I also talk really fast. I tend to eat fast, walk fast, read fast, draw fast, get ready in the morning fast, play the piano fast--the only thing that I don't do fast is run. So what if I rushed through every thing and couldn't fill up even the measly twenty minutes I was allotted each class?

What if the kids got bored? What if I overdid things? What if the building blew up?!

It was silly but I even had dreams about it. Dreams! Of missing hand puppets and intimidating audiences.

I've since decided that if there's one thing I'm supposed to learn here in mortality, its to relax.

Anyways, prayers were obviously said and I mentally ran through all that I had planned twenty times. Because, for some really strange reason, the girl who found excuses to watch the Swan Princess on Saturday nights and played pretend on Sunday nights couldn't face a bunch of primary children.

And those prayers were answered. From the get go even. My neighbor's little girl came in and, at the sight of me, began jumping up and down, "Dolly, Dolly Dolly, Dolly, Dolly, Dolly!!" The other leaders just turned to me with a smirk, "Welcome, Sister Hansen."

I also discovered that this month's song is "Nephi's Courage", reminding me that the Lord provides a way. Whoever decides those types of things knows what they're doing.

Then, of course, the warm feelings telling me to calm down. Those feelings I need to learn to trust in more often.

But, as it usually seems to go, most answers came in the form of people. I was immediatly given encouragement, ideas, and pointers out the wazoo. Schedules and supplies were given, visiting teachers visited, and my mom had lots of wisdom to share.

Even in the actual class. People reminded me when to get up, the piano player whispered to me the page numbers and suggested songs, and the kids actually got into some of what I was doing. I even got a cookie from one of the teachers at the end because I 'did so good'.

I'm really going to need this calling.

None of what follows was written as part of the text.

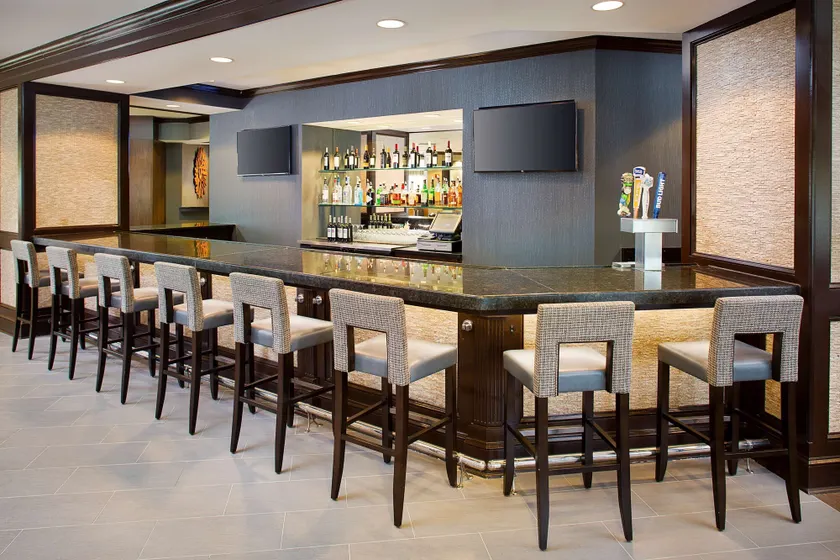 DoubleTree Hotel Baltimore - BWI Airport - Image 1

The simple lessons, the energy, the humor--all of it! Trying to prepare for a complicated world has unravled me a little but the excitement in the kids' eyes and the randomly shouted answers do the trick well. And I think someone already knew it would.

I've been told I'm good with kids but I think what it really is is that kids are good with me. Though I'm sure when I have my own I will find them more tiring, for now I find them refreshing. They boost my ego like nobody's business and remind me that I don't need to take life so darn seriously.  And so I've decided to "go and do". To grab those in tact hand puppets and soak up the obnoxious, rambunctious but joyful noise.